▸ **Material supplied**:
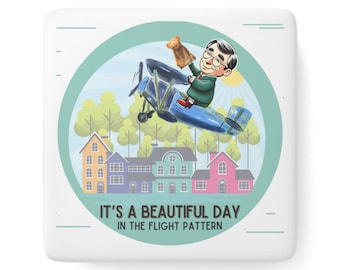 Mr. Rogers on an Airplane. It's a Beautiful Day in the Pattern Porcelain Pilot Gift Magnet, Square
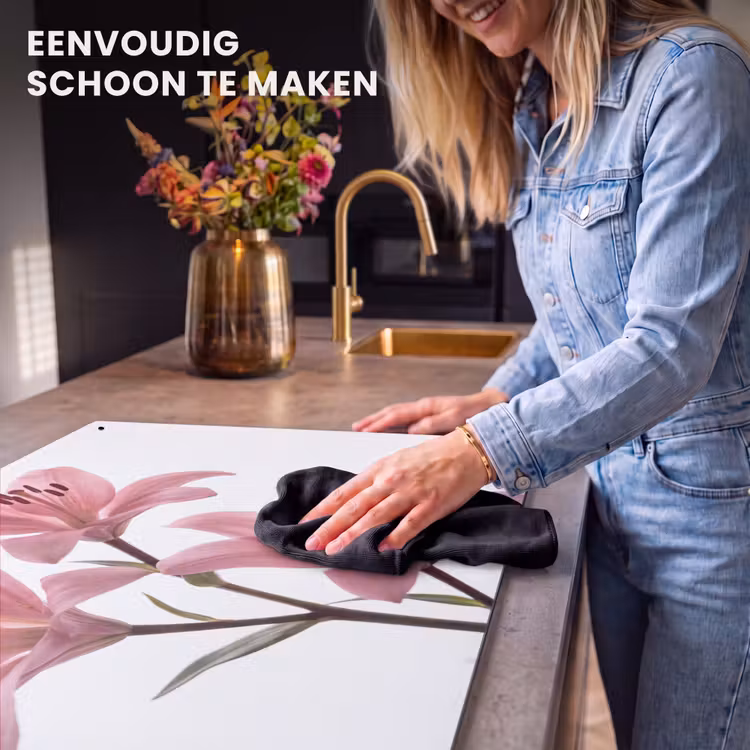 Inductiebeschermer & spatscherm (2in1) - Bloemen - Zacht - Modern — 5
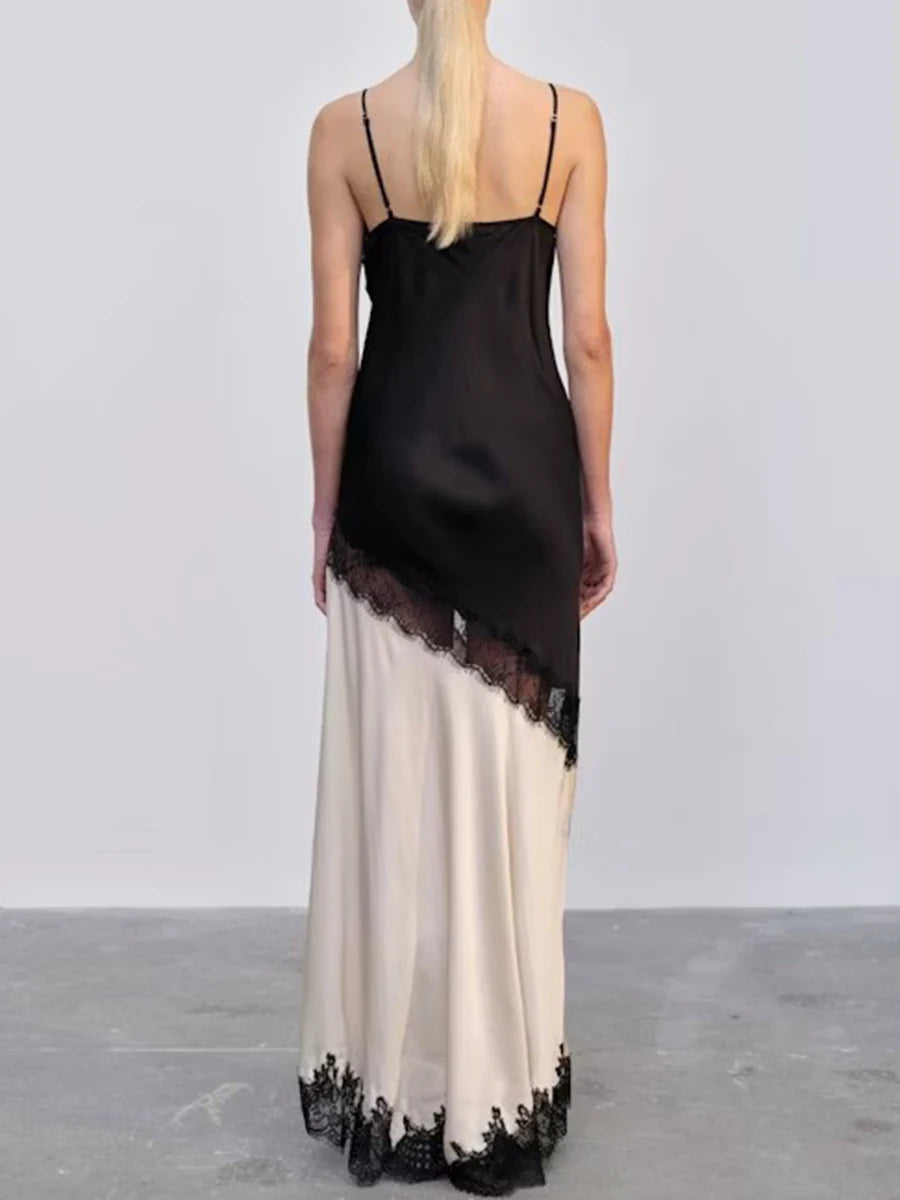 Hit Color Loose Dresses For Women Square Neck Sleeveless High Waist Temperament Minimalist Dress Female Fashion New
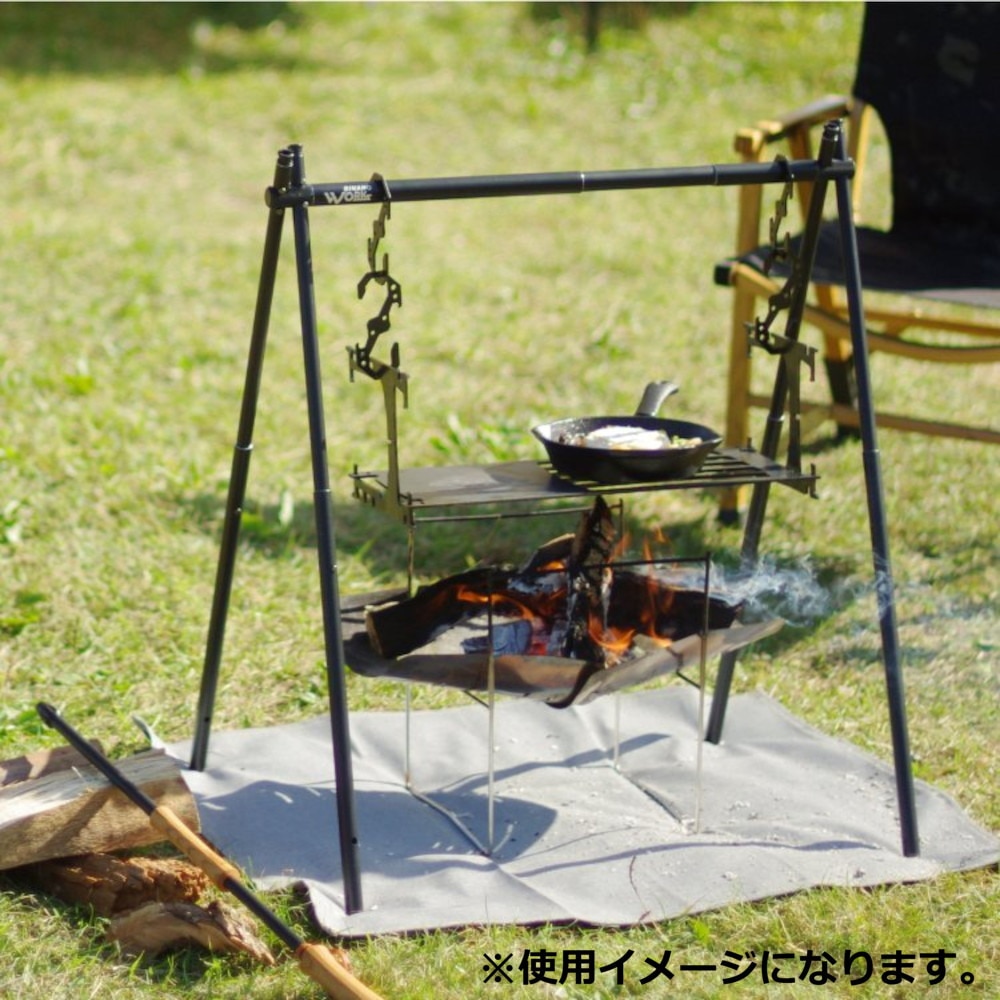 シナノ（SINANO） SNIPE HANGER SOLO ハンガーラック アウトドア キャンプ BBQ バーベキュー 登山 焚き火台 コンパクト 簡単組立 耐熱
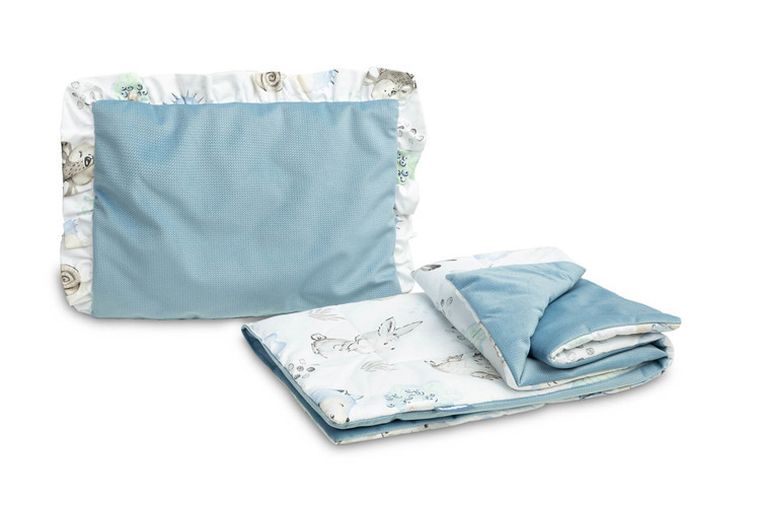 Sensillo, Velvet, Spacer, komplet do wózka z falbanką, niebieski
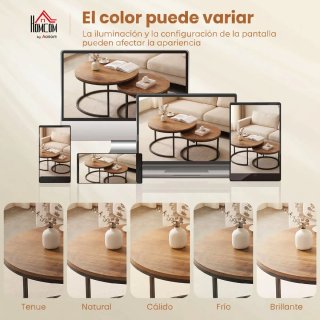 Set 2 Mesas Nido Redondas Estilo Industrial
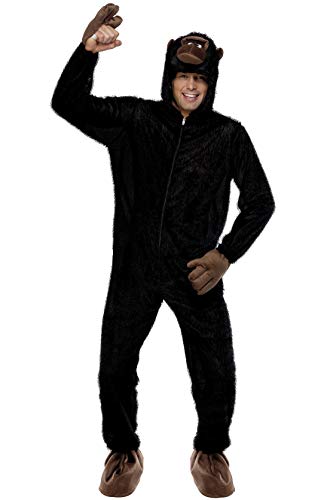 Smiffys Men's Gorilla Costume, Jumpsuit with Hood, Party Animals, Serious Fun, Size 32918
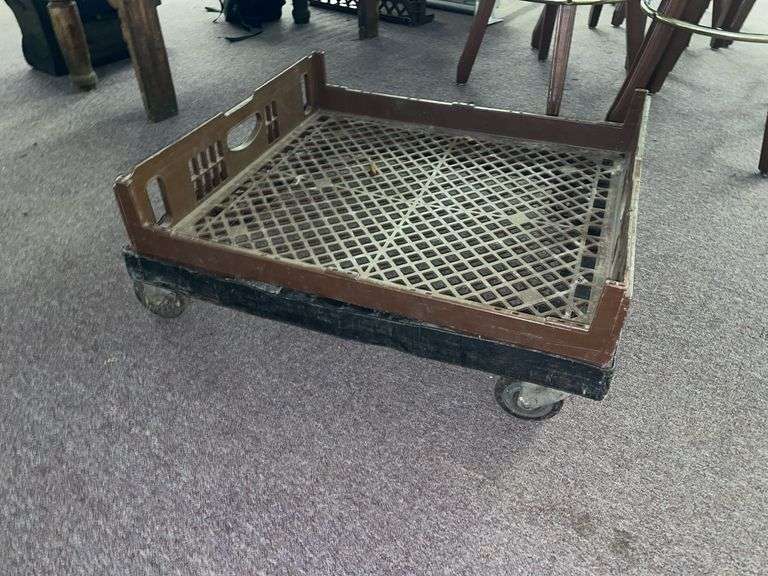 Rolling cart with brown bread tray insert. Approximately 27 x 26”.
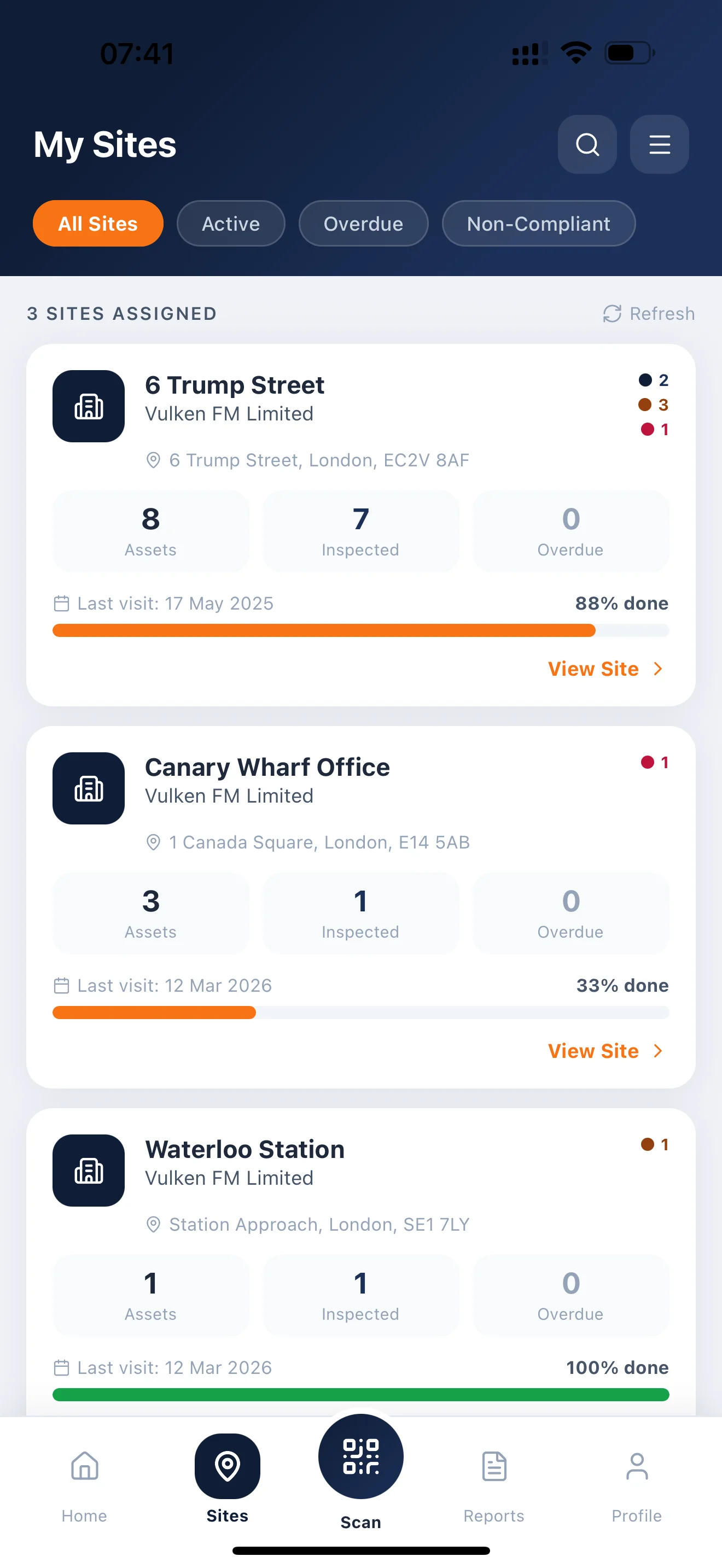 Asset- und Inspektionsliste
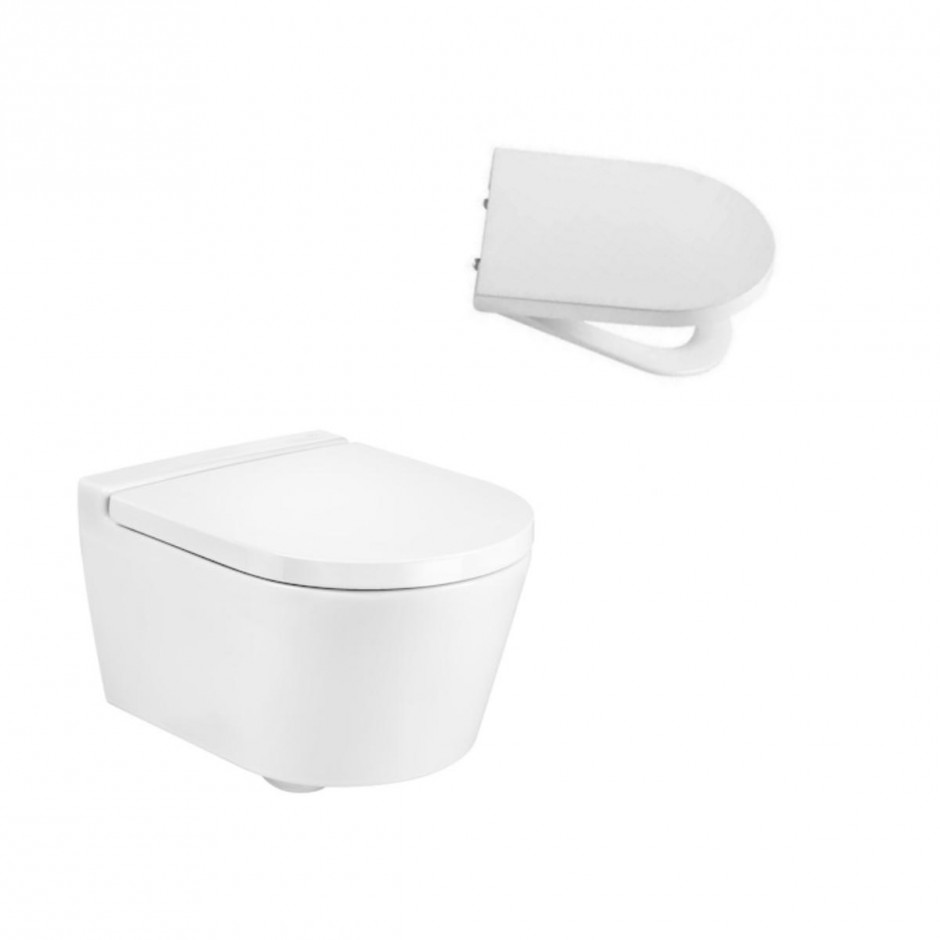 Roca Inspira Round Compacto Zestaw Miska WC podwieszana Rimless 48 cm z deską wolnoopadającą - 781196_O1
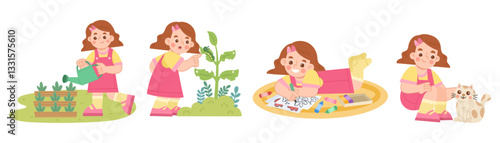Little girl activity illustration set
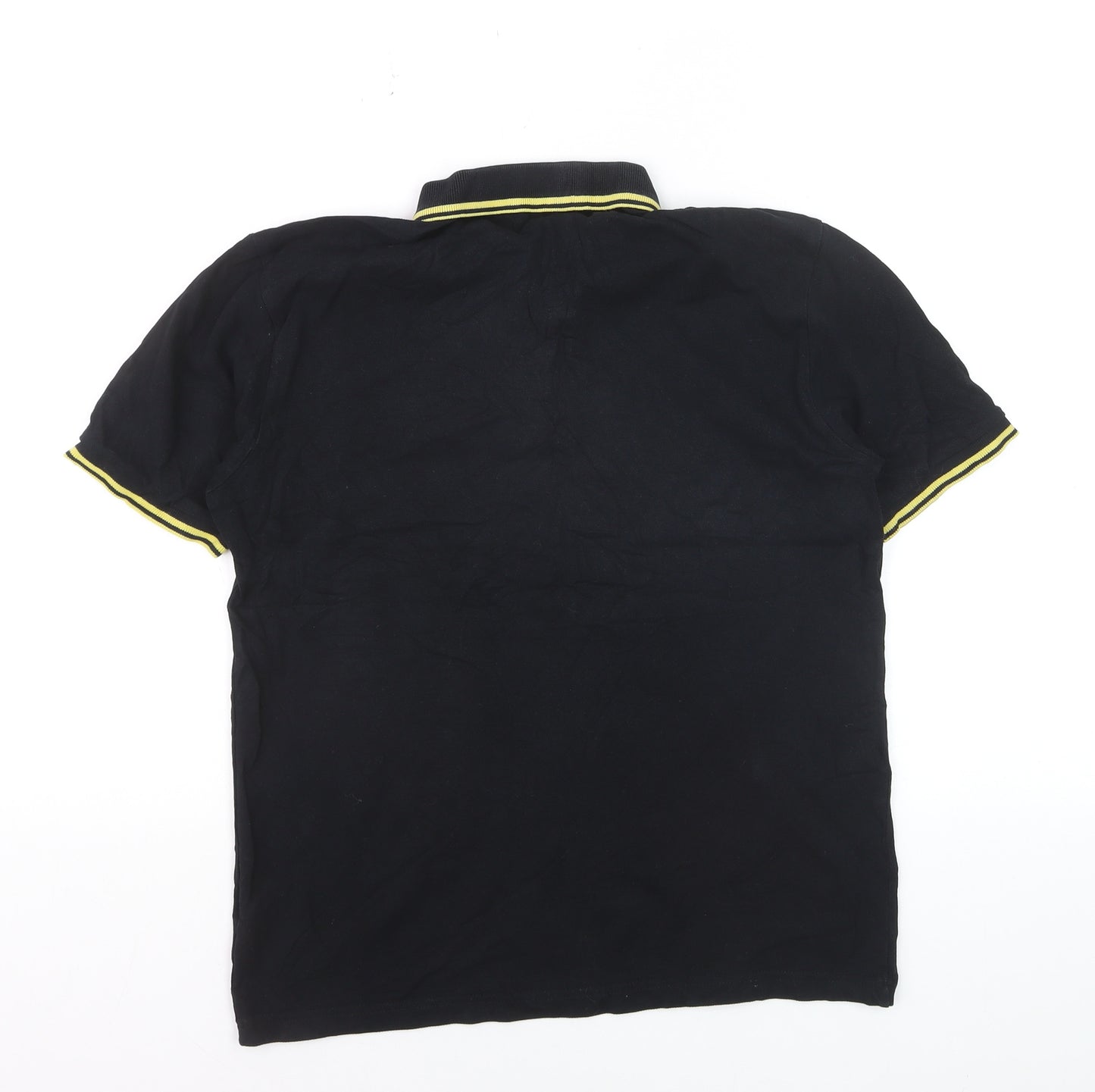 Admiral Men's Black XS Polo Shirt Yellow Trim Cotton Casual Tee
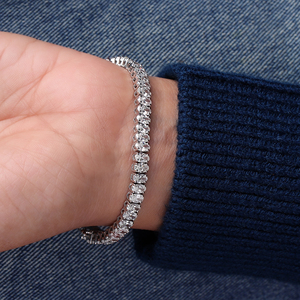Bracelet tennis ovale en diamants de laboratoire 12 TCW pour femmes, bracelet en or blanc 14 carats, diamants certifiés E-F/VVS-VS - Product Image 2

▸ **What needs to be done**: While leaving pictures out, reproduce exactly the lines from the beginning of the listing above through the line containing "Hit Color Loose", both ends included.

▸ **Result**:
 Mr. Rogers on an Airplane. It's a Beautiful Day in the Pattern Porcelain Pilot Gift Magnet, Square
 Inductiebeschermer & spatscherm (2in1) - Bloemen - Zacht - Modern — 5
 Hit Color Loose Dresses For Women Square Neck Sleeveless High Waist Temperament Minimalist Dress Female Fashion New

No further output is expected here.